(Recorded data)
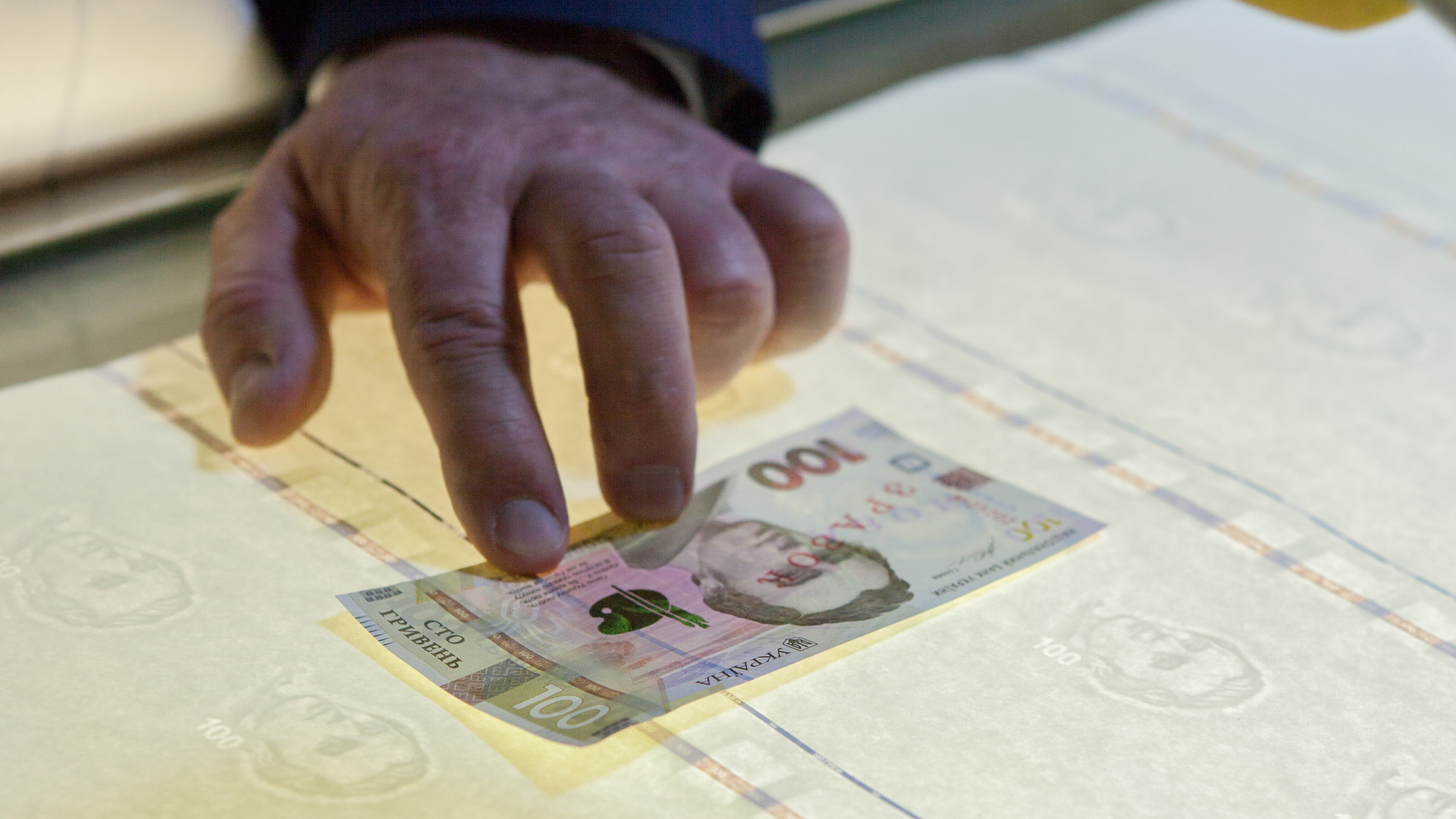 НБУ будет печатать гривни на бумаге из украинского льна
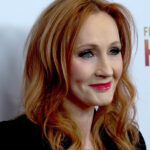 J.K. Rowling, acusada de "delito de odio" por llamar "hombre" a una presentadora trans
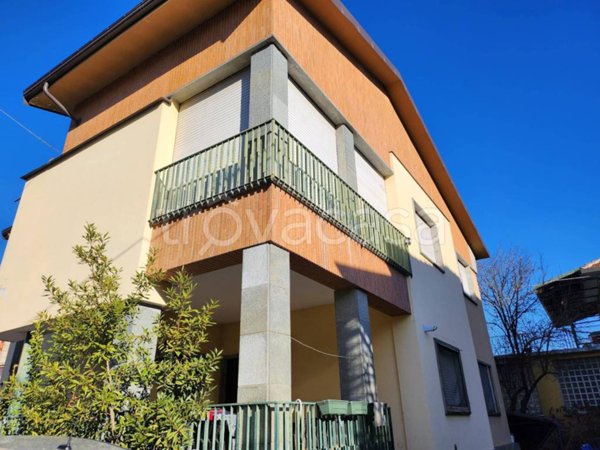 casa indipendente in vendita a Fossano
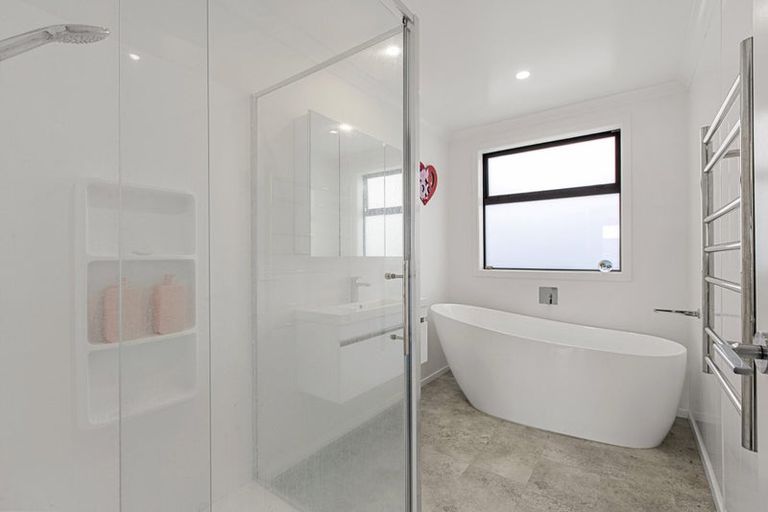 Photo of property in 5 Maataitai Road, Raglan, 3225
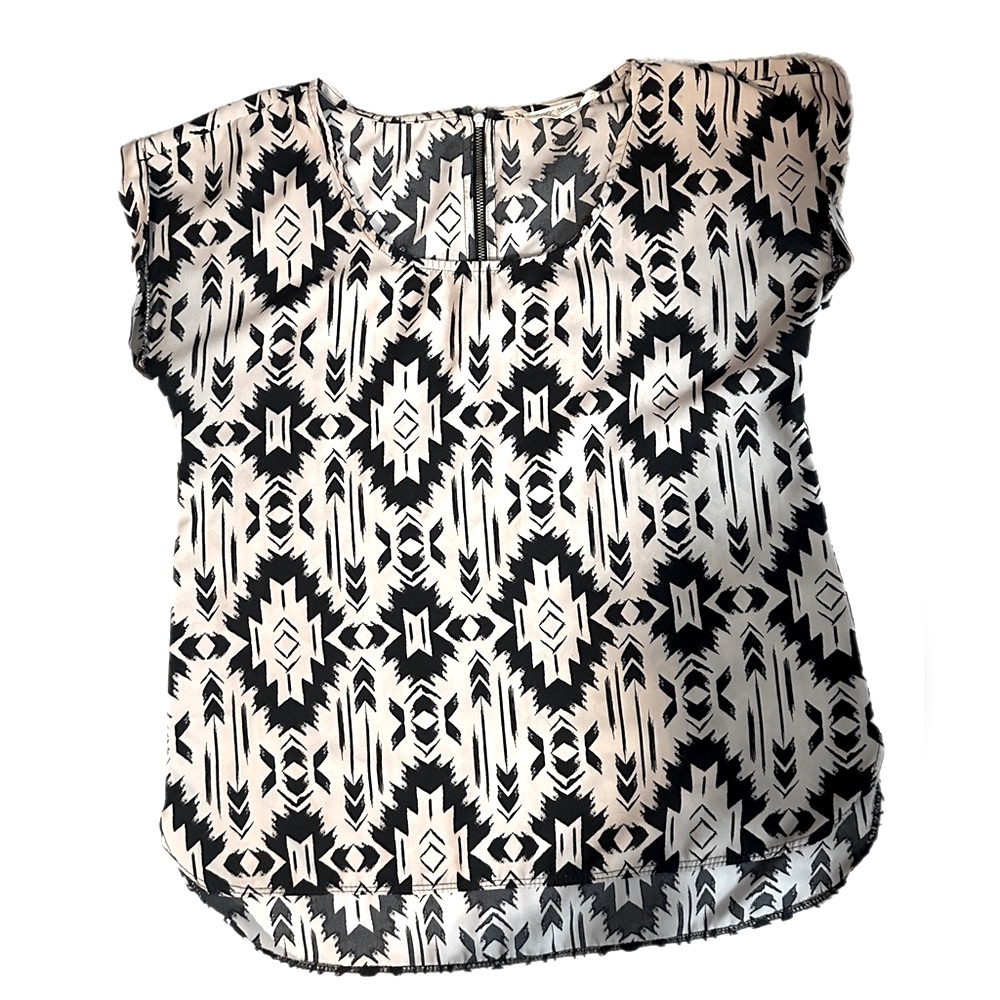 Pink rose women’s size small top Aztec pattern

EXERCISE INSTRUCTIONS: Copy the data word for word and omit every picture.

SOLUTION FOR THIS EXERCISE:
 НБУ будет печатать гривни на бумаге из украинского льна
 J.K. Rowling, acusada de "delito de odio" por llamar "hombre" a una presentadora trans
 casa indipendente in vendita a Fossano
 Photo of property in 5 Maataitai Road, Raglan, 3225
 Pink rose women’s size small top Aztec pattern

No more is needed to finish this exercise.